Born out of a teenage dream and a whole lot of guts, the Love Groove Festival was founded in 2017 by Emmy-winning composer John Tyler, back when he was just a bold, brazen junior at Baltimore Design School. Fueled by the thunder of punk shows at Carroll Skatepark, the elegance of jazz drifting from stoops on the West Side, the pulse of hip-hop basement battles, and the electric chaos of raves in crumbling warehouses, John saw Baltimore’s underground not as fragmented scenes but as one unstoppable symphony.
With only $700 saved from gigging, John threw the first-ever Love Groove Concert at the Baltimore Motor House in 2018, a leap of faith that sparked a movement. By 2019, the event had outgrown its name, morphing into the Love Groove Music Festival, with big, audacious dreams of Coachella-level greatness. That year, it sold out the legendary 8×10 in Fells Point, packing the room with 300 screaming fans and leaving the city buzzing.
Then came 2020. The world shut down. Stages went dark. But Love Groove? We turned up. Refusing to let the music die, John teamed up with cinematic mastermind Brandon Armstrong and production powerhouse Zoney Sound to create a two-day virtual festival, keeping artists paid and spirits high. That digital brilliance caught the eye of Johns Hopkins University, leading to Love Groove’s very first sponsorship.
In 2021, Love Groove turned the spotlight toward the women shaping the scene, curating the Love Groove Women’s Festival, hosted by NoMuNoMu and filled with immersive stage design and soul-stirring performances. That creative firestorm sparked a partnership with PNC Bank and launched a two-year residency at Baltimore Center Stage, delivering back-to-back festivals that redefined hybrid artistry in the city.

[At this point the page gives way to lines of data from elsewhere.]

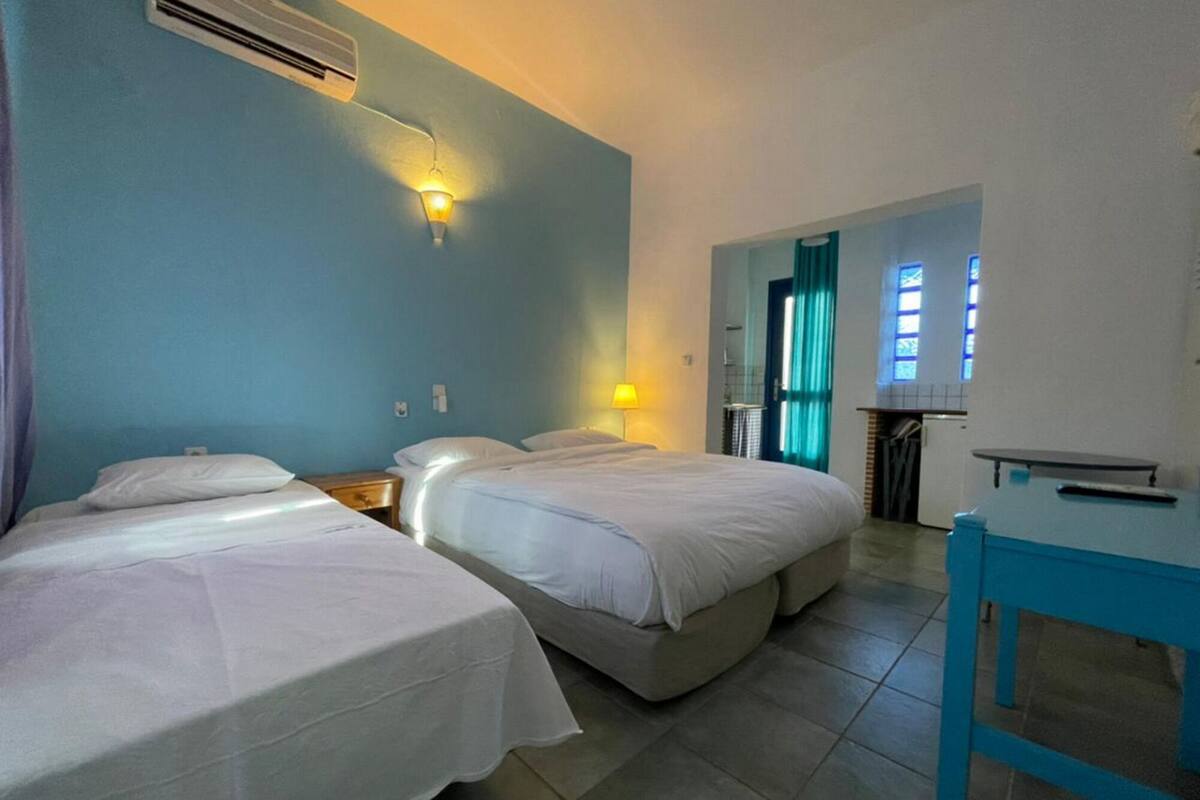 A hotel room with two beds, a small table, a desk, and a bathroom visible through an open door.
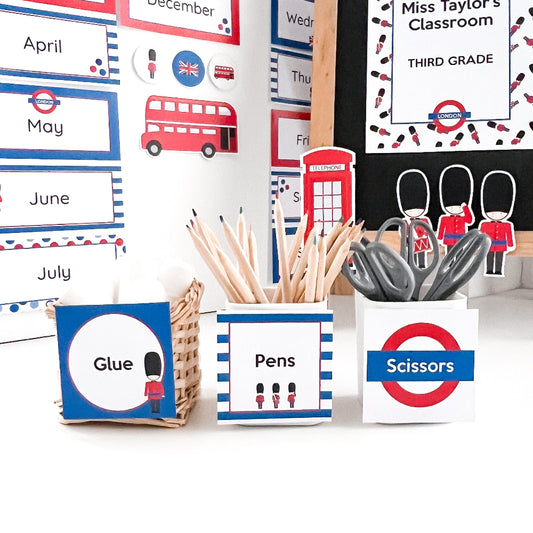 Classroom supply bins with labels for glue, pens, and scissors against a wall with educational posters.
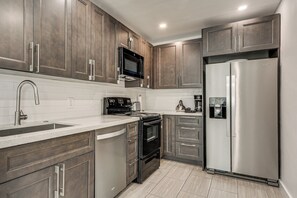 A modern kitchen with stainless steel appliances, wooden cabinets, and a white countertop. - FIU Basecamp: Miami Home w/ Fenced Yard! (Miami)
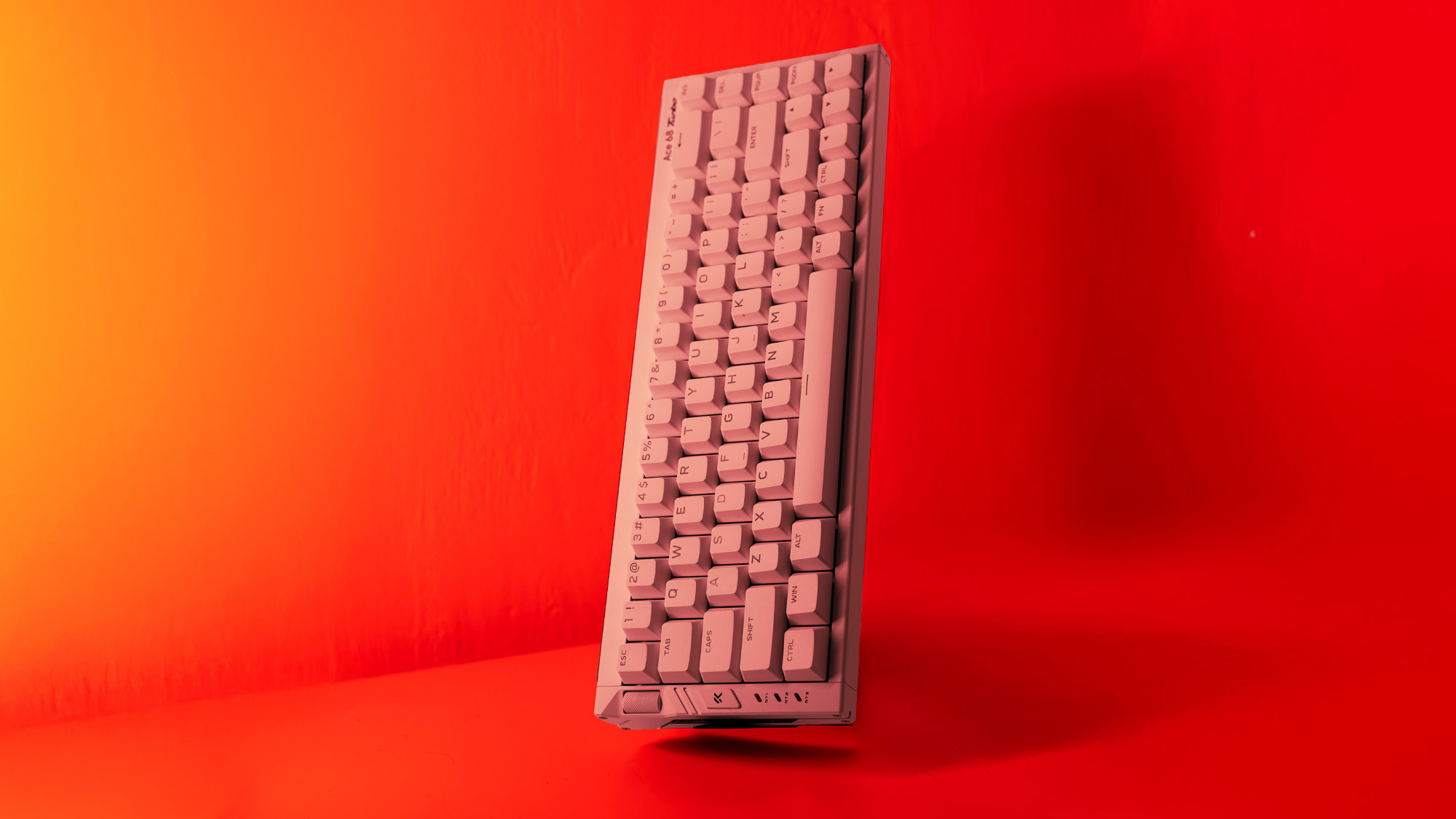 The Mchose Ace 68 Turbo on a red background.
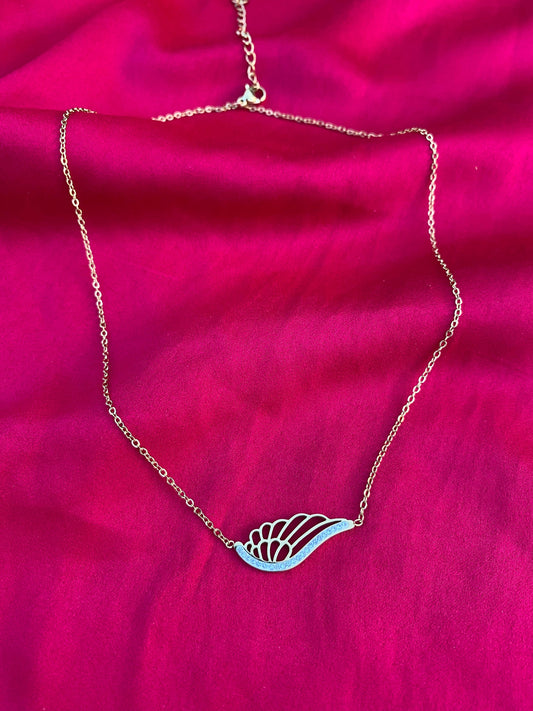 Necklace with a leaf-shaped pendant on a pink fabric background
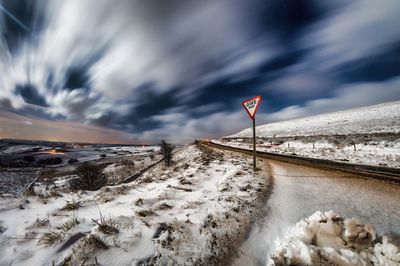 Snow covered landscape against sky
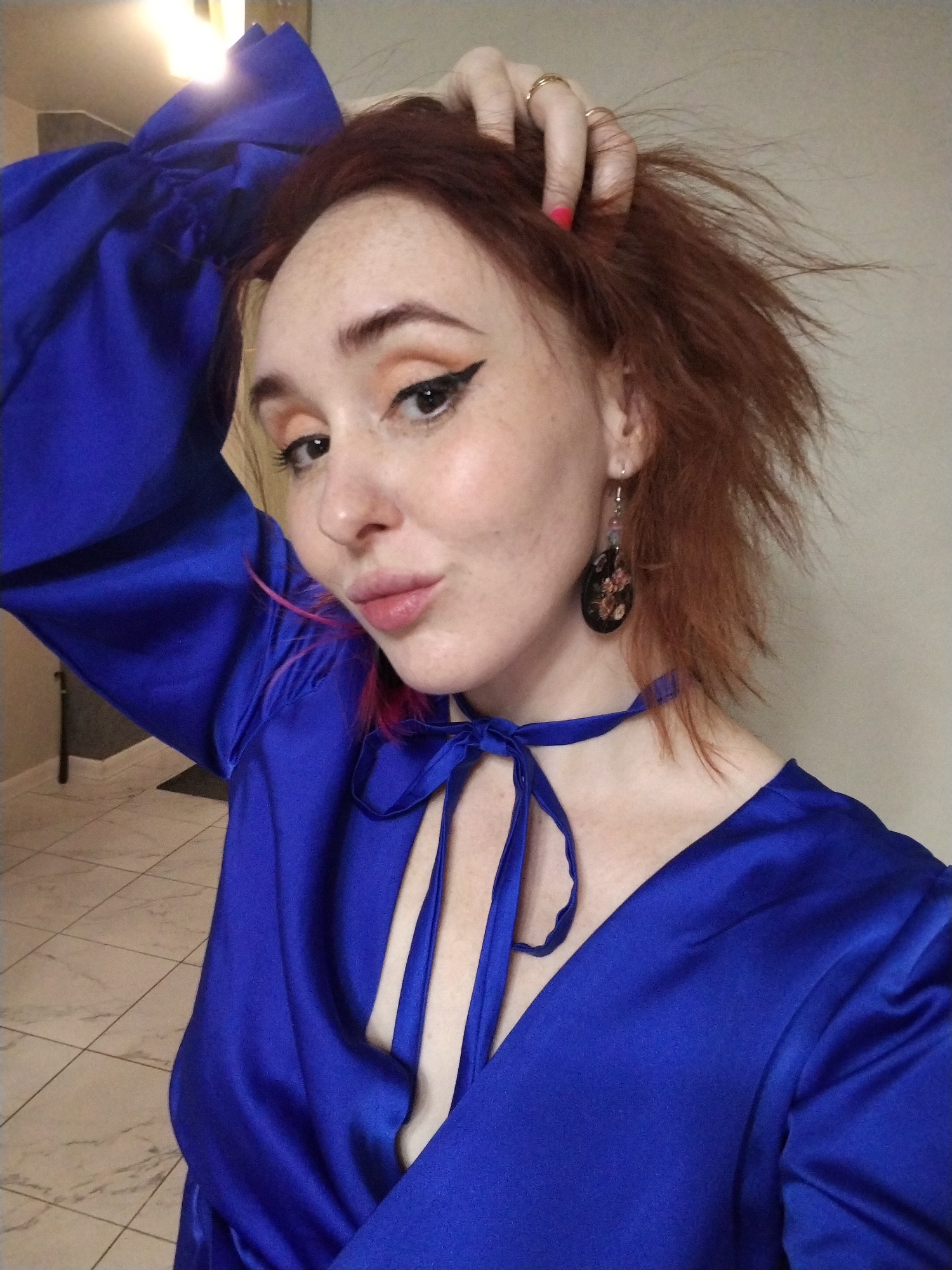 A fair-skinned woman with red hair is posing for a selfie. She is wearing a blue silk dress with a V-neck and a ribbon tie. The dress has large, billowy sleeves. The woman is wearing earrings and has gold rings on her fingers. She has red nail polish on. Her makeup includes winged eyeliner and peachy eyeshadow. She is holding her hair with one hand and making a kissy face at the camera. The background is a neutral-colored wall and a tiled floor. It is unlikely the photo was taken in Izhevsk, Russia, as there is no indication of the location in the image.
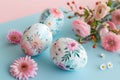 Easter eggs with flower pattern and spring flowers on soft blue and pink background. easter card Royalty Free Stock Photo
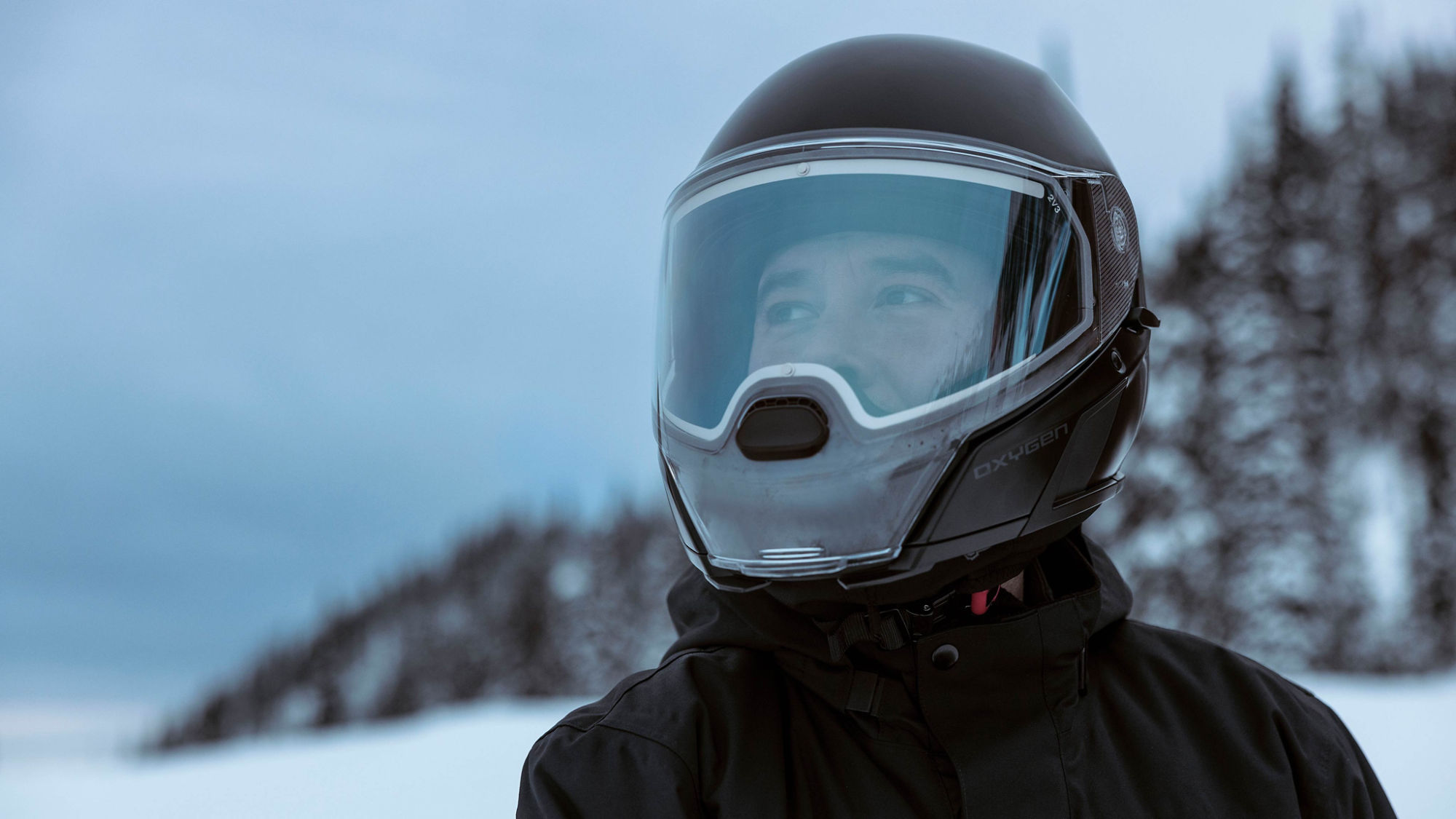 Snowmobile rider wearing a Oxygen helmet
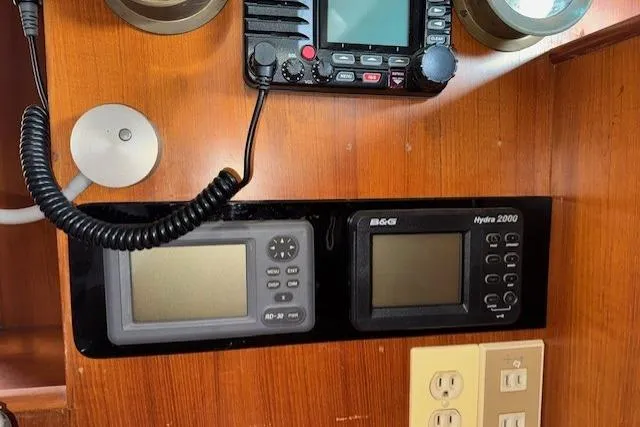 Slide: The Image of Navigation station in 1983 Tayana 55 yacht with wooden interior and control panel. - 16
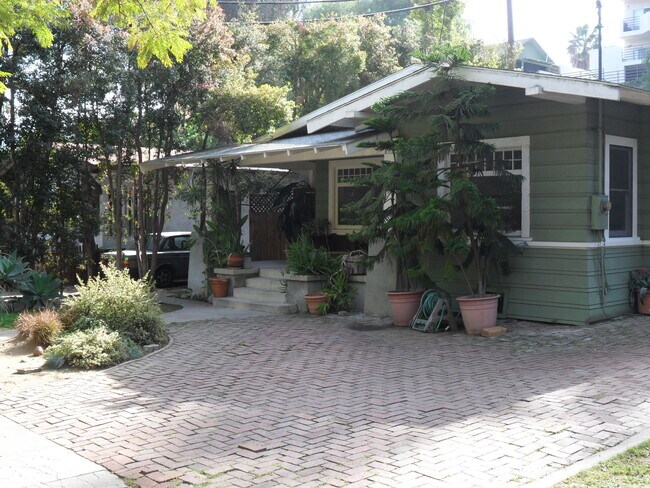 Wide brick driveway. - 2113 Holly Dr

By 2022, the vision had expanded far beyond music, now incorporating film screenings, visual art showcases, and deep cultural programming. The name evolved with it. We dropped “Music” and became simply the Love Groove Festival, a reflection of our growing universe. That year, we partnered with the Hot Sauce Artist Collective, lighting up Baltimore with multidimensional creativity.
After the Center Stage residency wrapped, Love Groove wasn’t done. John joined forces with the Black Arts District to produce our first outdoor mega-festival in the heart of West Baltimore, a powerful, full-circle homecoming. Since 2023, we’ve built a four year partnership delivering high-production, community-centered festivals that are accessible, electric, and deeply rooted in place.
In 2025, Love Groove reached a new peak. With over 3,000 RSVPs, 2,000+ attendees, and support from the City of Baltimore, it became our most successful festival to date, a defining moment that proved Love Groove is not just surviving, but thriving.
Now, as we move into our 10th festival, Love Groove stands as more than an event, it’s a movement. A pulsating platform for underrepresented voices, local legends, and the boldest artists of tomorrow. On Saturday, August 29, 2026, we celebrate a decade of love, risk, resilience, and sound reimagining what Baltimore looks and feels like through creativity, community, and equity in the arts.
Backed by game-changing partners including The Mellon Foundation, T. Rowe Price Foundation, National Aquarium, Five Star Festival, and our ride-or-dies at the Black Arts District, Love Groove is stepping into its next era bigger, louder, and more unapologetically Baltimore than ever before.